God's call to His people in Babylon is, "Come out of her, My people! Do not take part in her sins!" (Revelation 18:4) No one can be a whole-hearted follower of the Lord Jesus who is, in any way, "yoked" to His enemies!

"Do not be yoked together with unbelievers." This applies first to our religious connections. How many Christians are members of so-called "churches," wheremuch is going on which they know is at direct variance with the Word of God--either the teaching from the pulpit, the worldly attractions used to draw the ungodly, and the worldly methods employed to finance it, or the constant receiving into its membership of those who give no evidence of having been born again. *Believers in Christ who remain in such "churches" are dishonoring their Lord. Should they answer: "Practically all the churches are the same, and were we to resign, what would we do? We must go somewhere on Sundays!" Such language would show they are putting their own interests, before the glory of Christ. It is better to stay at home and read God's Word--than fellowship with that which His Word condemns!*


----------------------------------------------------------------------------------------------------------------------------------------------------------------------

I wish us to pay especial attention to the words I've bolded.
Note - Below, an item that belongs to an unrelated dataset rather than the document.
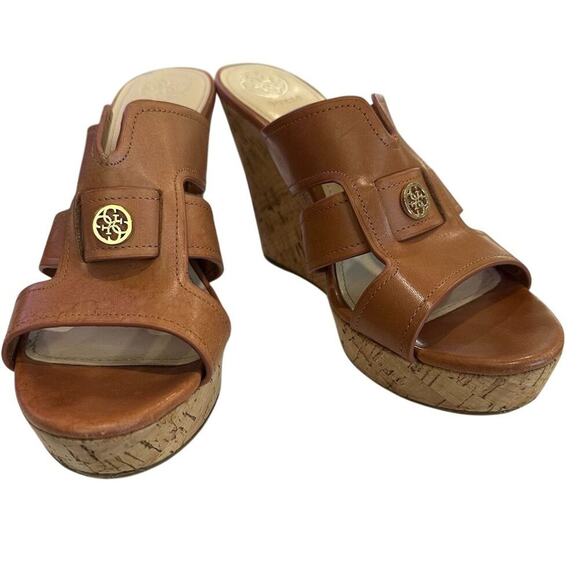 Guess Eadra2 Women's Brown Leather Wedge Sandals Size 9M Casual - Picture 1 of 11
What is your opinion on Pink's thinking here? Is it right for us to determine whether a church (so called) is truly a church? Since the Christians, who attend the gathering/meeting place, constitute the church themselves, isn't it, then, just as wrong to condemn a church as non-church as it is to condemn an individual Christian as unbeliever?


----------



## JoannaV (Jul 27, 2011)

Slightly tangential, but relevant: a good church may be right around the corner, it just may take a while (years) for God to lead you there.
We should always desire to fellowship with believers, and should be searching after that.


----------



## JoannaV (Jul 27, 2011)

Consider Lot, who was always wishing to live in certain places for worldly reasons. When we are able to choose the place in which we live, our first priority should be spiritual.


----------



## BertMulder (Jul 27, 2011)

Sadly, Pink forgot that that admonition was to Israel, the church in that day. That admonition was not to individual believers. God's command that we have to recon with, is 'not to forsake the assembling of ourselves together'.


----------



## nicnap (Jul 27, 2011)

Pink, in essence, excommunicated himself. He took one passage, and did not consider what the rest of Scripture says. (Parable of wheat and tares, etc.) I like some of Pink's stuff, but I wish he would have regarded the church of Christ in higher esteem (some might think he thought too highly of himself in this regard).


----------



## NB3K (Aug 9, 2011)

How does confining one to their home on Sunday's do anything to propagate the truth???

That would be like putting a lid over your candle stick. The light will not penetrate through the cave of one's comfort zone.


----------



## NB3K (Aug 9, 2011)

Also consider the audience Paul was speaking to. And Pink used that text to instruct his followers to abandon the public place of worship?


----------